Medha Atre
Assistant Professor
KD-219, Computer Science and Engineering
Indian Institute of Technology, Kanpur
atrem at cse.iitk.ac.in or firstname.lastname at gmail

CS698F - Advanced Data Management (Fall 2017)

About

Email: add [CS698F] to the subject, else ignored.
Class location: Wed & Fri 15:30--17:00 @ KD-314
Office hours: By appointment.

Announcements

  • Answersheets showing 19-Nov-2017, 20:00 -- 20:30 @ KD314.
  • End semester exam 18-Nov-2017, 16:00 -- 19:00 @ KD314.
  • Course project presentation and demo 15, 17 Nov, 2017 in class.
  • Course project report and code due 14-Nov-2017, 23:59.
  • Assignment-2 presentations 1, 3 Nov 2017 in class.
  • Assignment-2 paper selection due 20-Oct-2017, 23:59.
  • Course project topic with brief proposal due by Aug 25, 11:59pm by email.
  • Assignment-1 papers and topics due by Aug 30, 11:59pm by email.
    • Sept 6, 8 class presentations.
  • Class location changed from KD 101 to KD 314.

Description

With the growth of the web, problems surrounding "big data" have become central to many of the "industrial strength" solutions (which tackle the scale of the data that goes beyond the capabilities of prototypical solutions, e.g., billions of data items, such as graphs, images, videos, documents etc).

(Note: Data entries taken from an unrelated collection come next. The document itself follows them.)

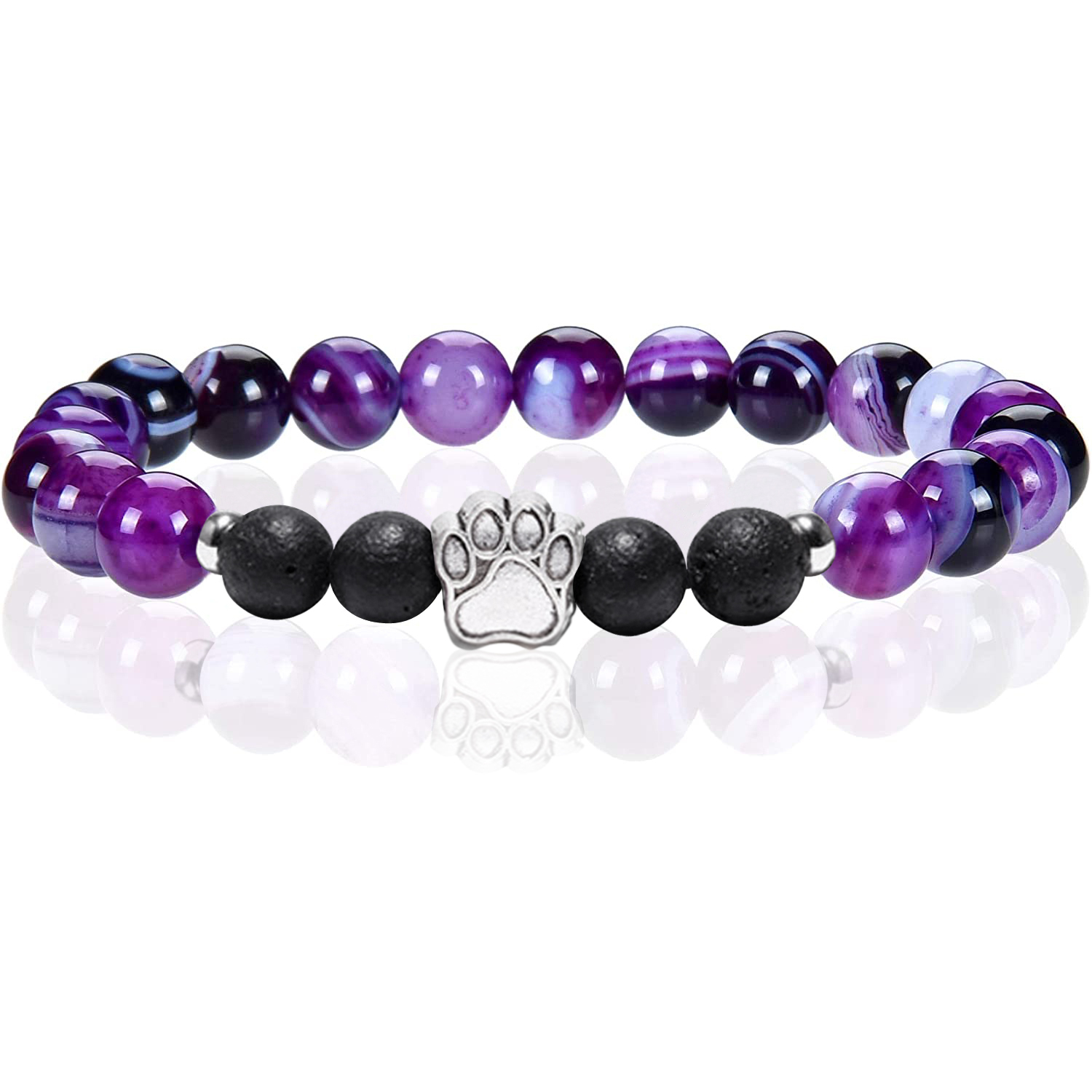 1 Pc Natural Round Gemstone Beads Bracelet Stretch Elastic Bracelets with Black Beads for Women Men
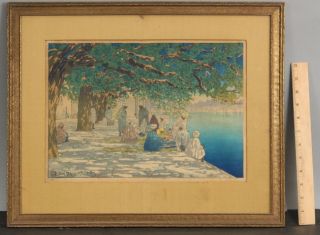 Antique Charles W.  Bartlett Silk Merchants India Woodblock Print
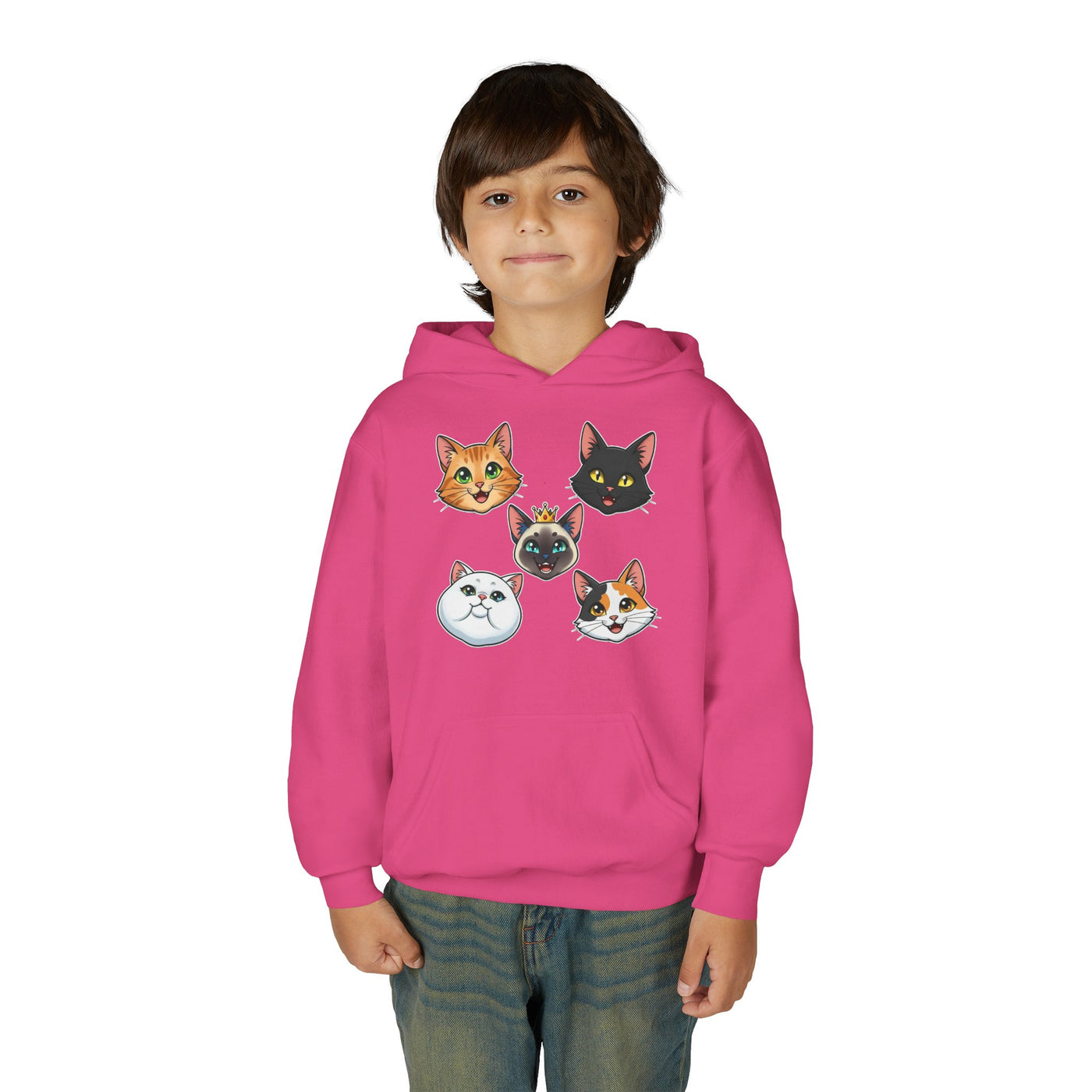 Cute Cat Heads Unisex Youth Hoodie, Fun Pet Lover Sweater, Kids Gift, Animal Lover Apparel, Perfect for Birthdays & Holidays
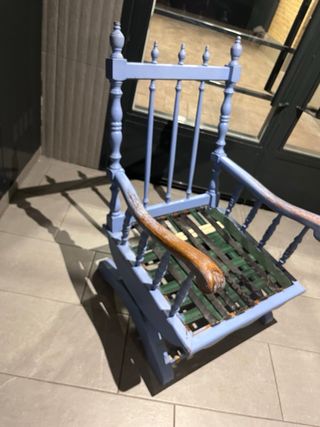 Poltrona dondolo blu e verde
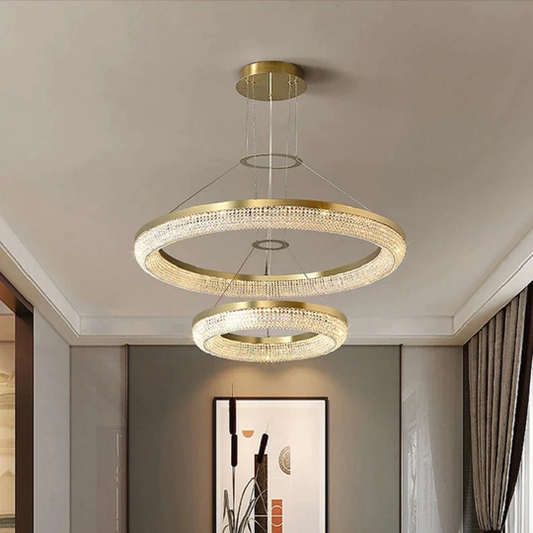 Julian Modern Double Ring Crystal Chandelier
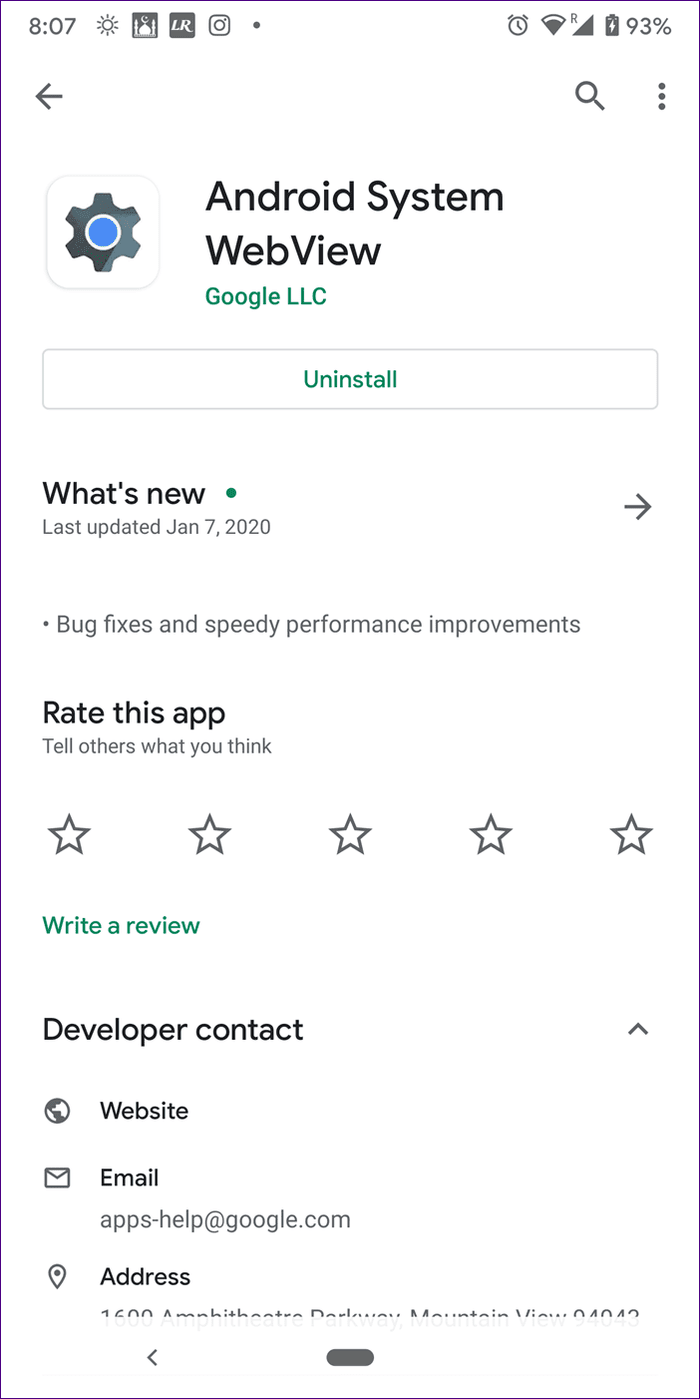 Google Play Store esperando la descarga del parche 5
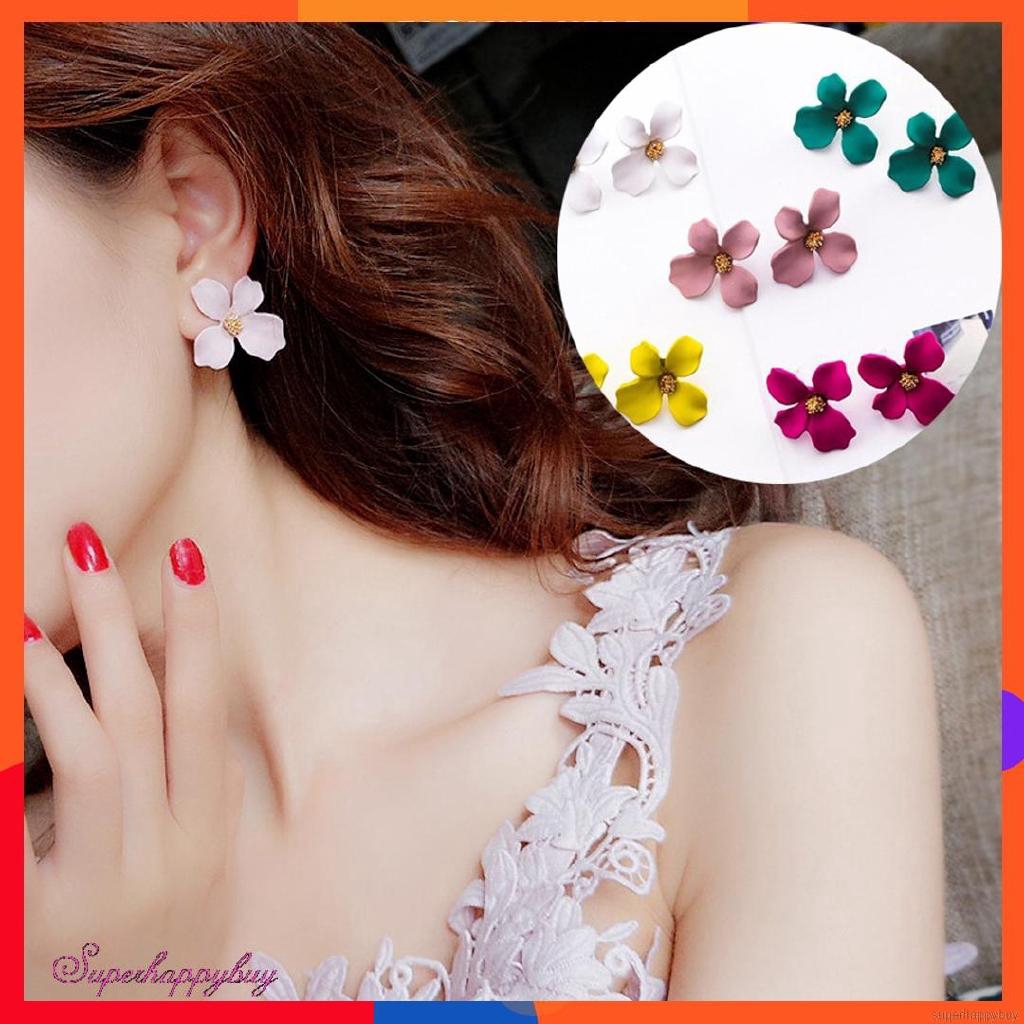 Khuyên tai hình bông hoa đính đá thời trang cho nữ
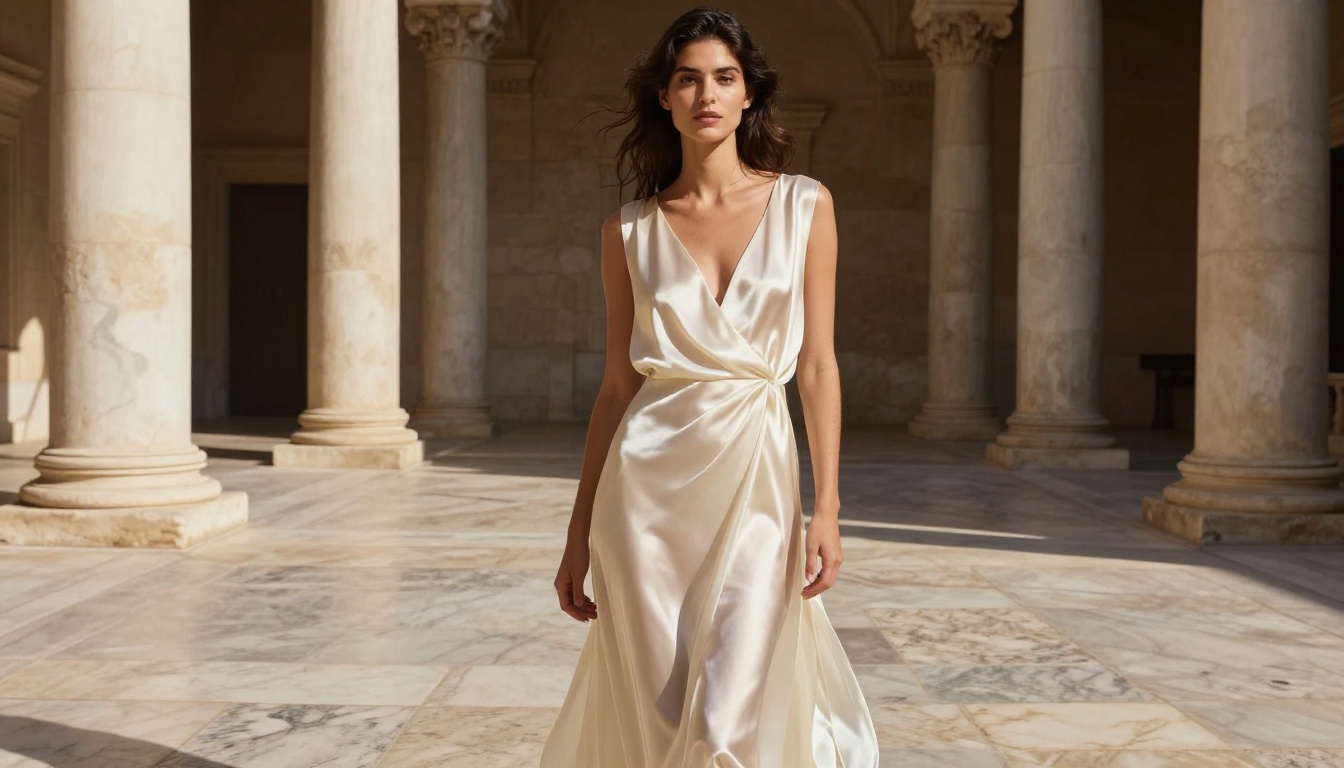Fashion editorial portrait of woman in ivory silk dress, marble courtyard colonnade, golden morning light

A lot of this data is semi-structured (graphs, e.g., Facebook, Twitter, LinkedIn networks) or unstructured (videos, images, text documents etc), or a mixture of the semi-structured and unstructured data. Hence the challenges of storage and query processing over this data are different from the traditional relational database systems which focused on strictly structured data, even though many of the robust database features of storage and indexing are utilized as the core base of the new solutions.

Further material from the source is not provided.